Указание на второй секрет тоже находим у Тынянова: «Литературная, стиховая личность Есенина раздулась до пределов иллюзии, — пишет Тынянов. — Читатель относится к его стихам, как к документам, как к письму, полученному по почте от Есенина». (Заметим, что понятие лирического героя, введенное Тыняновым по поводу Блока, здесь усилено, то есть Есенин пошел дальше Блока. По Тынянову, за стихами Блока ощущается его портрет, а стихи Есенина ощущаются как письмо, лично (!) посланное ему от Есенина, — это гораздо более сильная эмоция.) Особый эффект, особенно для современников — но и для нас, пребывающих в резонансе есенинского мифа, — возникает от столкновения привычно романсово-элегических рифм и формул (тревога — дорогая, нежный — мятежный, не буди, не волнуй, возврата нет) с биографией поэта. Первые слушатели и читатели Есенина слишком хорошо знали, что кабацкие драки — не вымысел, или не совсем вымысел, а за цитатой «финский нож», может быть, прячется реальная угроза. И не могли они не разделить с героиней стихотворения ее некрасовской «тревоги». За стихотворением видели открытую, вершащуюся на их глазах судьбу, что неизменно рождало в публике сильный сочувственный отклик. Позднее, после есенинской ранней смерти, это сопереживание обратилось в читательский рефлекс.

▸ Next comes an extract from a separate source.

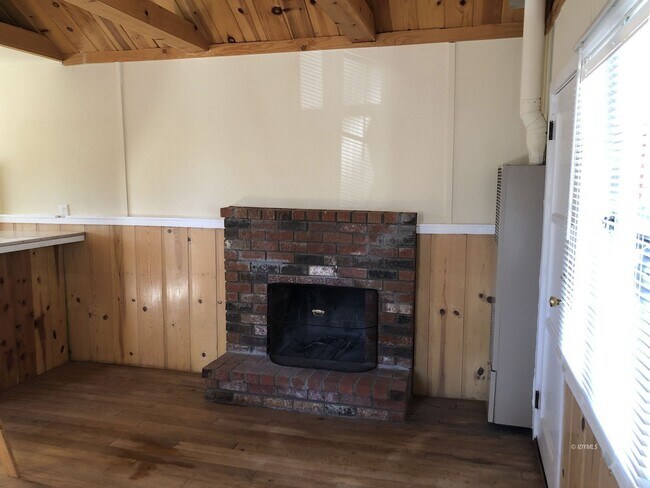 Foto del edificio - Loft Cabin Newly Remodeled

Но важнее всего для понимания «Письма» третий секрет — композиционный. Поэт воздействует на слушателя и читателя прямо и косвенно, за счет двуплановой композиции. Композиция первого плана воспринимается как риторика утешения: старушку-мать должна успокоить как хиастическая кольцевая рамка, соединяющая перекличками-рефренами первую строфу с предпоследней, а вторую — с последней, так и трехчастное строение строф от второй к восьмой, обрамленных приветным зачином и итоговым пожеланием.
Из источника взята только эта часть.